Researchers and policymakers have paid attention in recent years to how everything from housing to racism and pollution affects health and how such social determinants contribute to health inequalities.
But new research found one thing missing from that list: sleep.
People who don’t sleep well appear to be at greater risk of a range of negative health outcomes, including cancer, cardiovascular disease, diabetes, high blood pressure, obesity and even death. And blacks and browns have less access to sleep as a resource than whites, said Prof. Rachel Widome of the University of Minnesota School of Public Health.
“Sleep is absolutely a determinant of health,” she said. “Sleep impacts a whole range of health outcomes, from physical to mental.”
Prof Ivan Wu of the US School of Public Health, who studies the link between sleep, obesity and cancer, said poor sleep perpetuates persistent health inequalities. “Not getting enough sleep ties into all these horrible things,” he said.
Until recently, most research on sleep disparities focused on documenting the problem. But now Wu and others are starting to find solutions.
The picture that has emerged from a decade of research is that black and brown Americans are far more likely to have poor sleep patterns than white Americans. The darker a person’s skin tone, the worse they tend to sleep, said Prof. Dayna A. Johnson, a sleep epidemiologist at Emory University in Atlanta.

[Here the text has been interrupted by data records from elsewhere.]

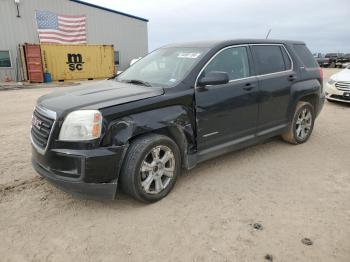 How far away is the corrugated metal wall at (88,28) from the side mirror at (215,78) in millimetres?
18337

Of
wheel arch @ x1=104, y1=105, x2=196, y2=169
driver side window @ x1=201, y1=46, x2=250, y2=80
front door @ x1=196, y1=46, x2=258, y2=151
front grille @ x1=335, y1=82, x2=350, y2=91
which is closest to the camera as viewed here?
wheel arch @ x1=104, y1=105, x2=196, y2=169

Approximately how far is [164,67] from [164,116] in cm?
103

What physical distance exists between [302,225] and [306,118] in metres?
2.97

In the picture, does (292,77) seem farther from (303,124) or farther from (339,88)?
(339,88)

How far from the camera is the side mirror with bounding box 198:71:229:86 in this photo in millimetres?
3578

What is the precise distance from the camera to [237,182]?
13.0 ft

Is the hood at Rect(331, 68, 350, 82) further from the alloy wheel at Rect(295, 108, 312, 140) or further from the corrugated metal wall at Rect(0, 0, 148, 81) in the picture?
the corrugated metal wall at Rect(0, 0, 148, 81)

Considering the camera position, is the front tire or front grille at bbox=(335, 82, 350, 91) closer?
the front tire

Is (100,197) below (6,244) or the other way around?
the other way around

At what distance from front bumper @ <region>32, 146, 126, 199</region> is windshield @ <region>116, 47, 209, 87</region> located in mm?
1179

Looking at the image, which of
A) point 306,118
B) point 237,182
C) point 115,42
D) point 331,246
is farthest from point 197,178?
point 115,42

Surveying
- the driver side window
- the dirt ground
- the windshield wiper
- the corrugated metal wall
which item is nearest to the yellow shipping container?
the corrugated metal wall

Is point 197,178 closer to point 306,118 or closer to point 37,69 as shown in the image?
point 306,118

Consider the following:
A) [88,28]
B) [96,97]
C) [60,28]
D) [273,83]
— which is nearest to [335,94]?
[273,83]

“The theory is that racial minorities experience a stress that is unique and chronic, in addition to the common stressors that all humans experience,” said Johnson, one of the first researchers to look at sleep differences. “We all experience stress, but for certain groups there are additional stressors. For certain demographics, racism fits into that category.”
People who experience racism and brood over it at night may have trouble falling asleep, according to a study led by Johnson in Sleep magazine. When people anticipate racism, they might notice disruptions in their sleep-wake cycles, she said, as their bodies may be in a heightened state of arousal with higher blood pressure and different heart rates.
Structural racism is also a major contributor to sleep disparities, Johnson said. For example, people of color are more likely to live in neighborhoods that are not conducive to sleep, areas that experts sometimes refer to as “sleep deserts.”
Air pollution can cause inflammation and contribute to sleep apnea. Places with higher pollution often have fewer trees and sidewalks, facilities that allow people to move around safely. Louder nights, whether from nearby traffic or thin apartment walls, can affect sleep. The lack of a sense of security can also lead to sleepless nights.
The longer a foreign-born person lives in the United States, the worse their sleep gets, Johnson said. She suspects this could be due to the stress of language barriers or deteriorating dietary habits.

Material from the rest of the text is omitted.